Perception has a profound affect on our structure. How we perceive the world shapes our dialogue and interaction with it. Where perception is closed off, our bodies follow suit. If, for example, you are unaware that there is actual space behind your head as you read this, you will be slumped forward. Bring awareness to where it is lacking, and by golly your posture will change.

Expression. Following perception is expression. How do we interact with our world. Relationship. Closed? Withdrawn? Gregarious? Joyous? Fearful? Often where perception is lacking, we cannot find expression there as well. First, open up perception, then MOVE into this new found space.

Support. Support is often found from below. Our feet carry ALLOT. Often, if our feet and lower legs are askew, they can throw your whole body out of whack. Try putting more weight on the outside of your feet. Notice what this does to your hips. Notice what this does to your breath. Now, try the reverse, bringing the arch of your foot downward. See what this does. . .

Adaptation. Sometimes shifts won't manifest fully until a variety of different relationships throughout the body are addressed. Early in Rolfing, allot of groundwork is covered, simply to prepare the body for changes that will begin to ensue on deeper levels. This is also called adaptive capacity.

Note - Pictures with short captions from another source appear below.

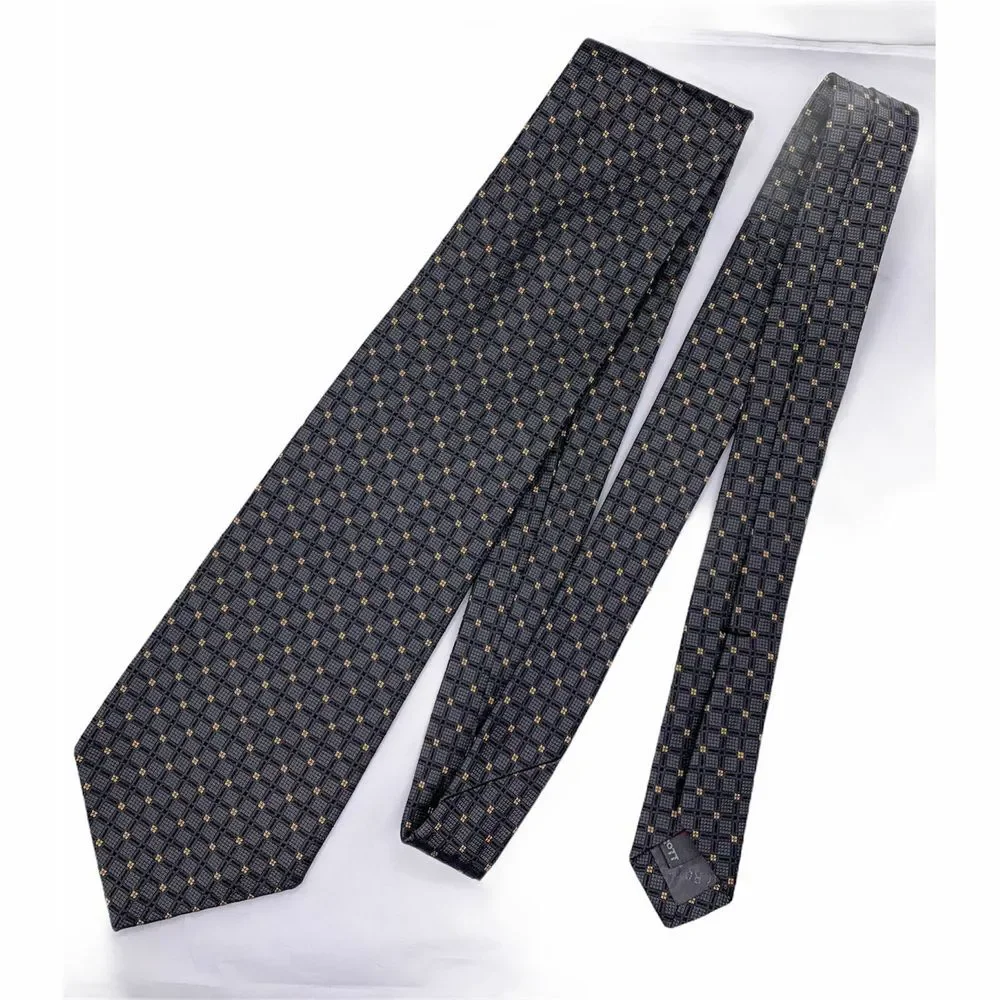 Robert Talbott‎ Tie 100% Silk Necktie Gray Yellow Check Pattern Mens 58
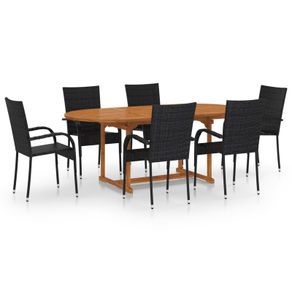 7 Piece Garden Dining Set Poly Rattan Black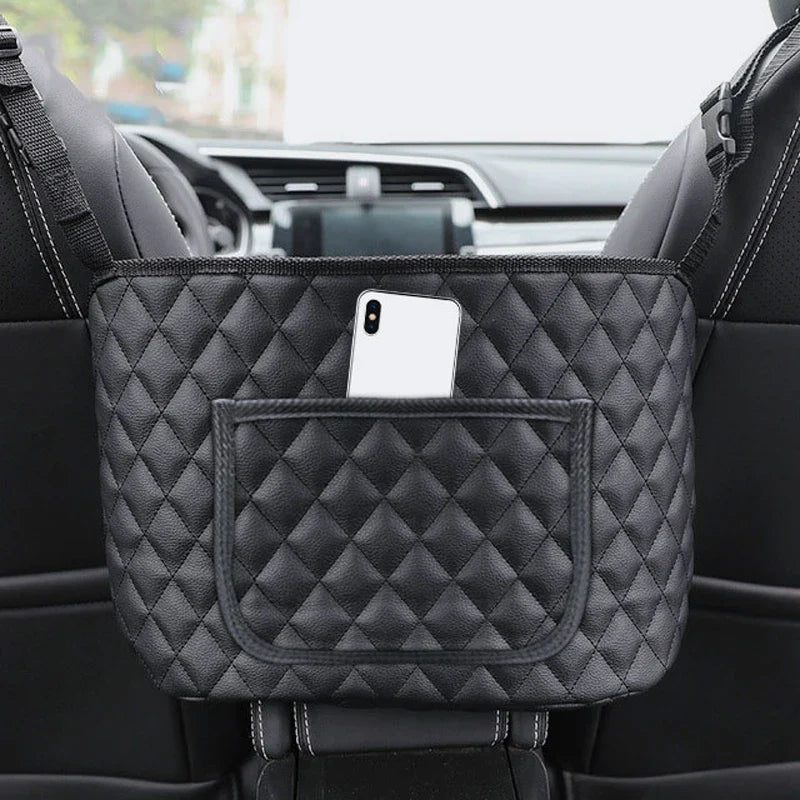 SEAMETAL PU Leather Car Handbag Holder - Seat Back Hanging Storage Organizer for Auto Interior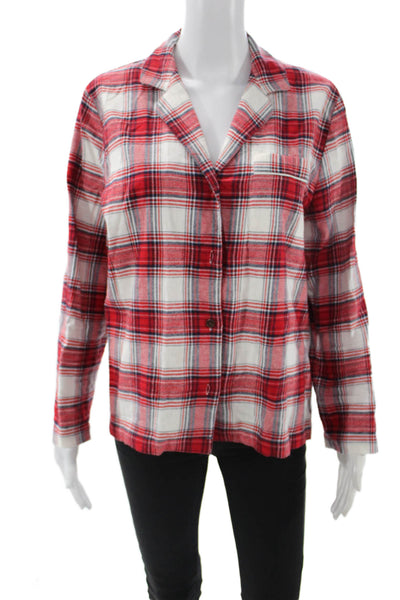 Eberjey Women Plaid Collared Long Sleeve Button-Up Red Cotton Petite Size XS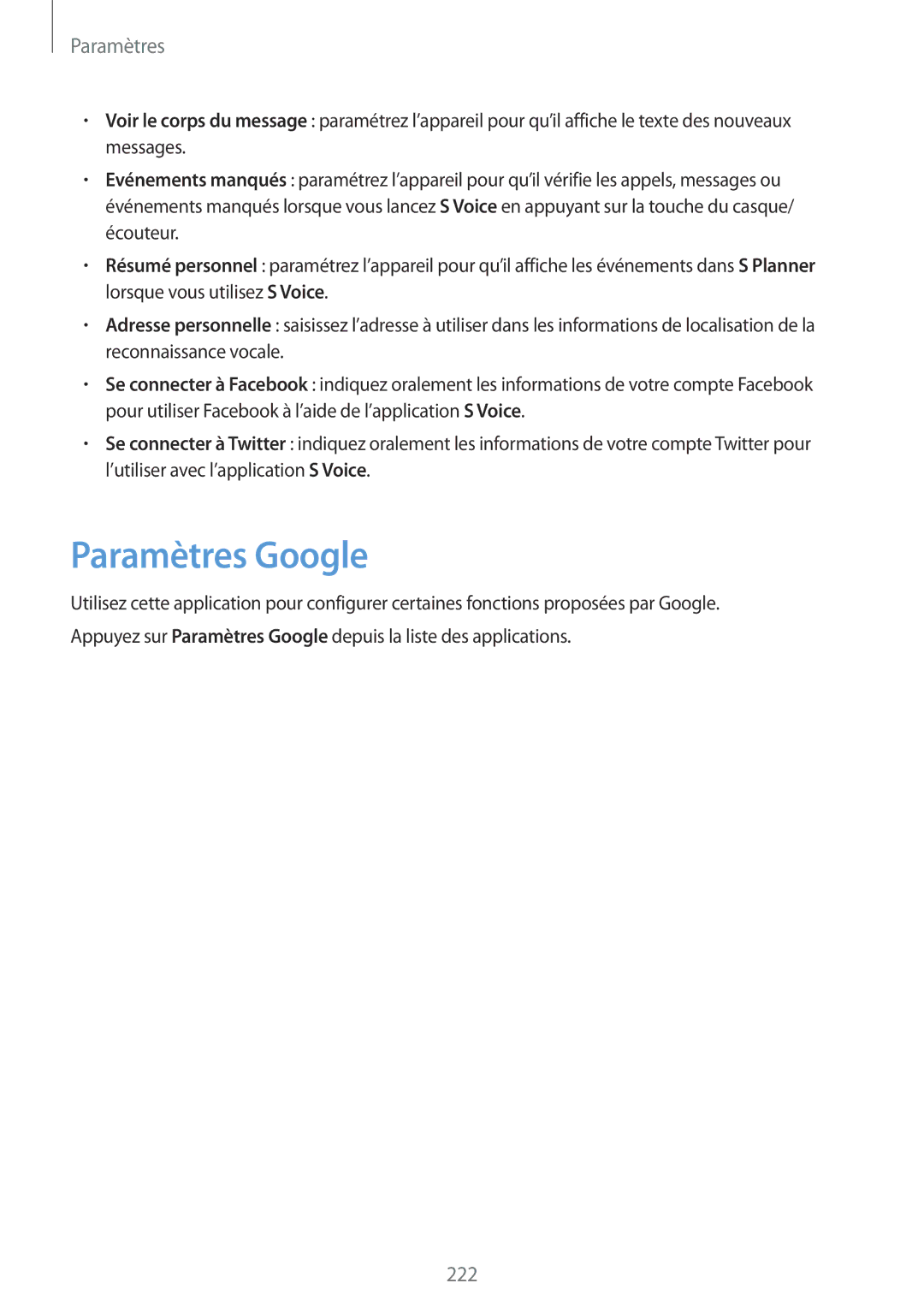 Samsung SM-G900FZWAVVT, SM-G900FZWAGBL, SM2G900FZBAGBL, SM2G900FZBAVVT, SM2G900FZKABGL, SM2G900FZDAMTL manual Paramètres Google 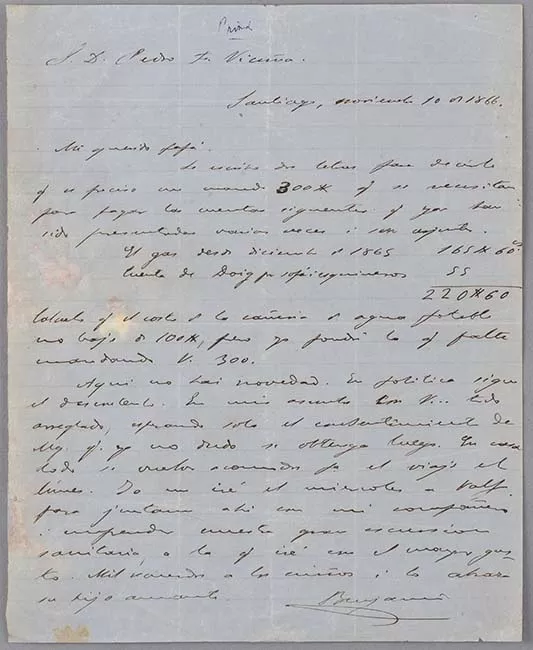 Carta de Benjamín Vicuña Mackenna a Pedro Félix Vicuña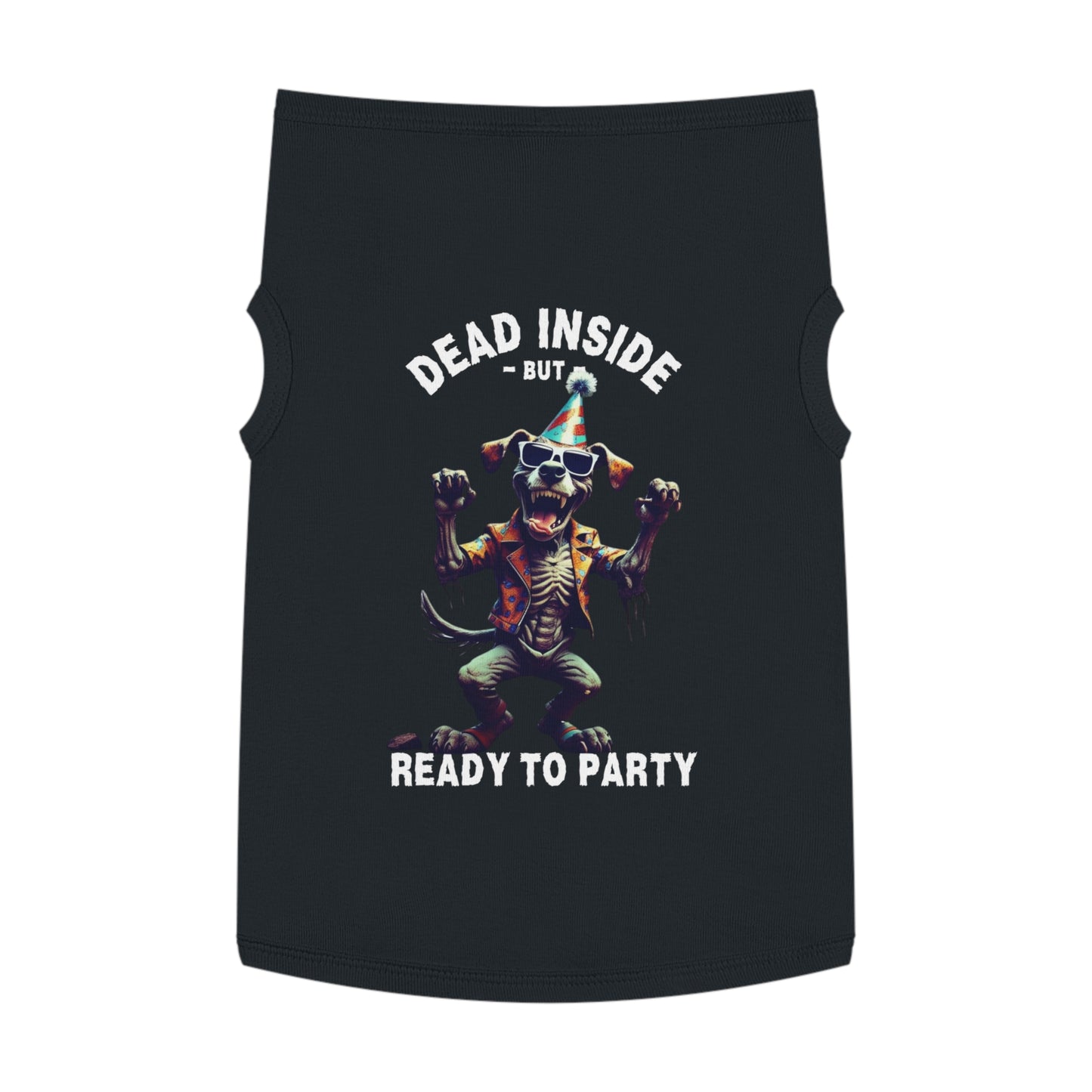 Dead Inside But Ready to Party – Zombie Dog Tank (in Black)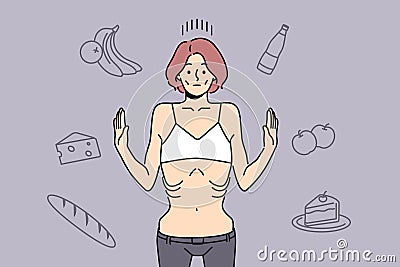 Skinny woman refuse to eat suffer from anorexia Vector Illustration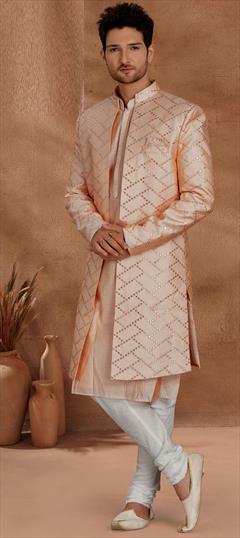 Pink and Majenta color Sherwani in Art Silk fabric with Embroidered, Mirror work : 1783731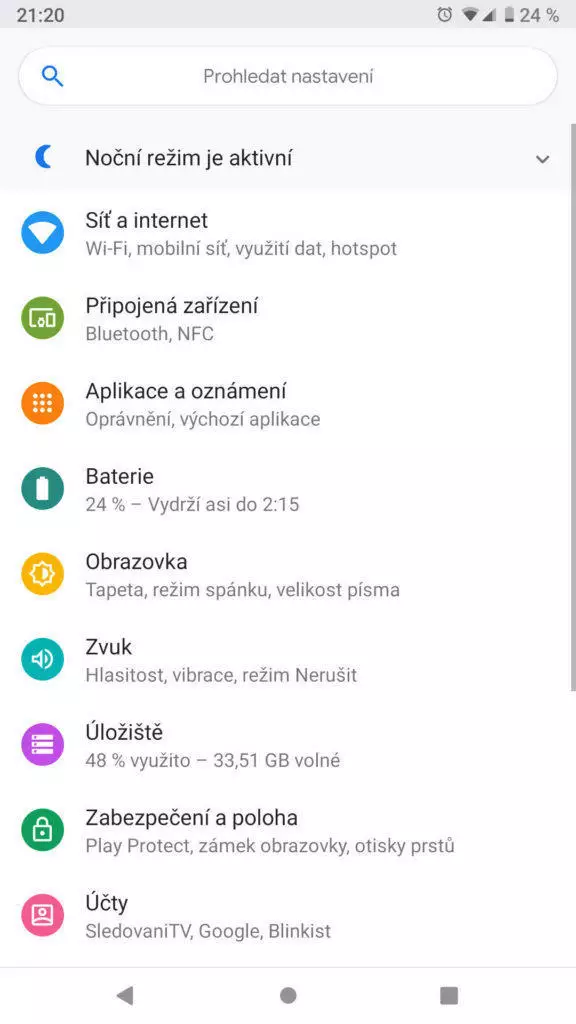 Android 9 Pie nastaveni
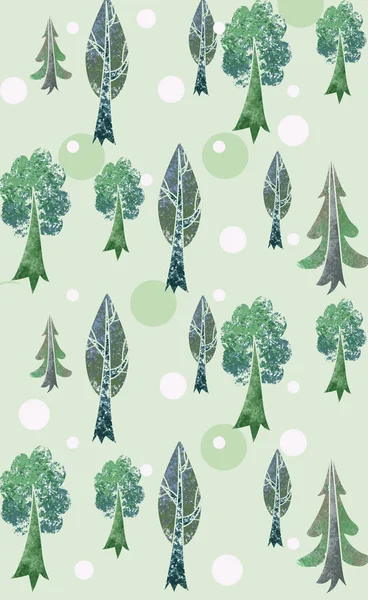 Arrière-plan avec arbres d'hiver Images De Stock Libres De Droits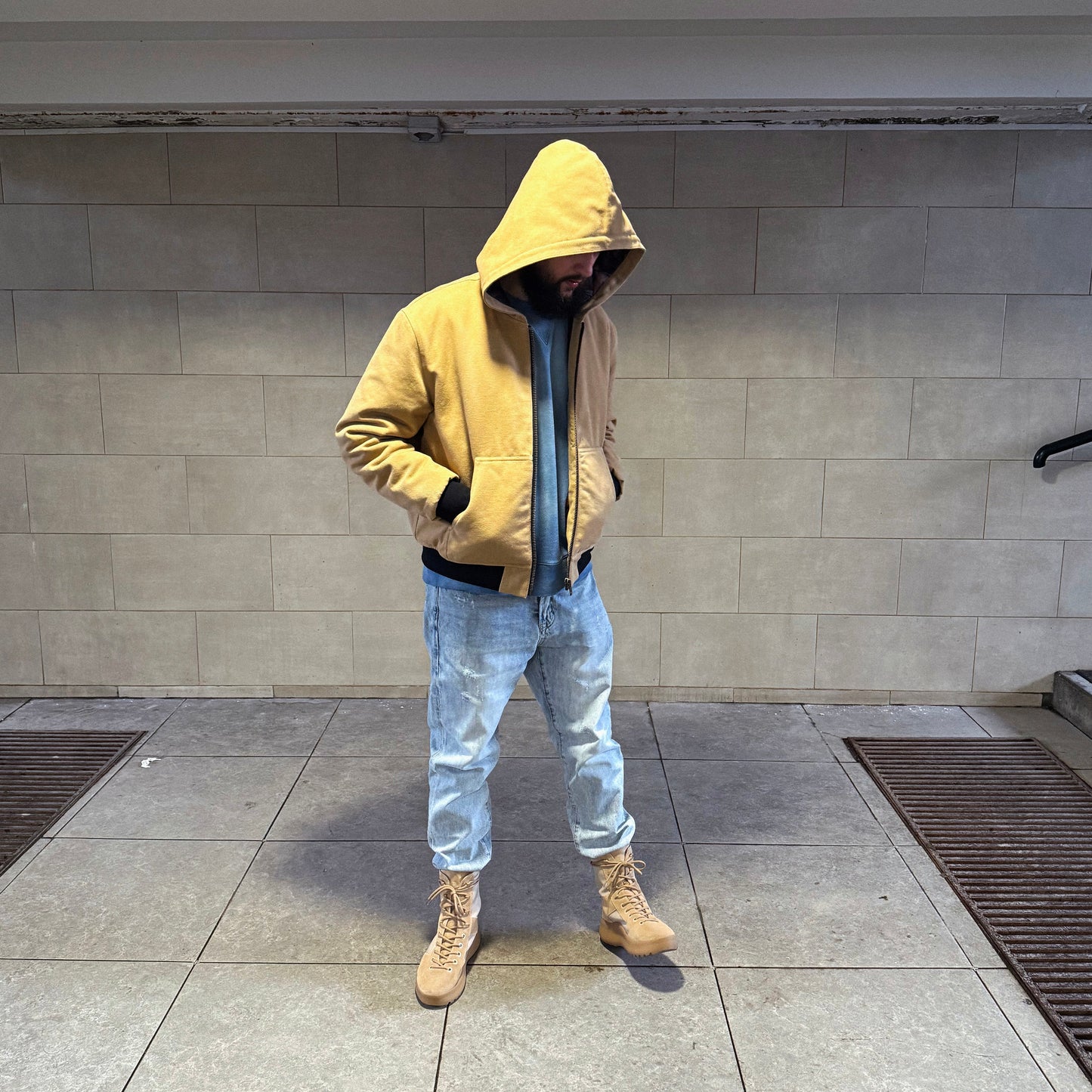 Suture Studios 16oz Duck Canvas Insulated Hooded Work Jacket Leopard Lined British Tan Color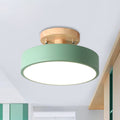 Lámpara de techo LED de 20 cm, metal y madera, verde/blanco/gris/negro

Palintonicity. In the early days of Rolfing, Palintonicity was referred to as "The Line." The line is a metaphoric, and some would argue energetic, construct to which all of Rolfing is trying to help bring the body back to. This "line" starts from way above the head, goes through the top of your head, down through the base of your mouth, and down along the front of your spine, and leaves through the midline of your pelvis. This "line" is what I try to bring your body back to. In Rolfing it is assumed, and I believe rightfully so, that this "line" is the place our body naturally wishes to reside.

Two directional orientation, and two directional movement.

Closure. Well, we have to end the session at some point!

Closure is semantically misleading. Closure to many means END. I think what better describes this principle of Rolfing is resolution. Resolution on a fundamental level. There are varying levels of resolution. For some, this resolution may be found in the absence of pain in their left shoulder. This does not mean END however.

Healing is cyclical.

Perhaps this same client months down the road realizes that the pain has diminished in their left shoulder, yet it does re-appear from time to time under stress. Then, at this juncture, they may wish to explore this facet of their healing. Resolution at this crossroads may mean finding better ways to deal with stress, or perhaps re-examining the emotional damage that was done in a car wreck from years ago.

Well, there you have it my fellow rolfee's. All of these principles are fundamental signposts that I refer to as often as possible. They help ground the work, and they certainly help remind me that Rolfing is indeed radical in scope. As a Rolfer, I want to help move the sky, and not just a few stars.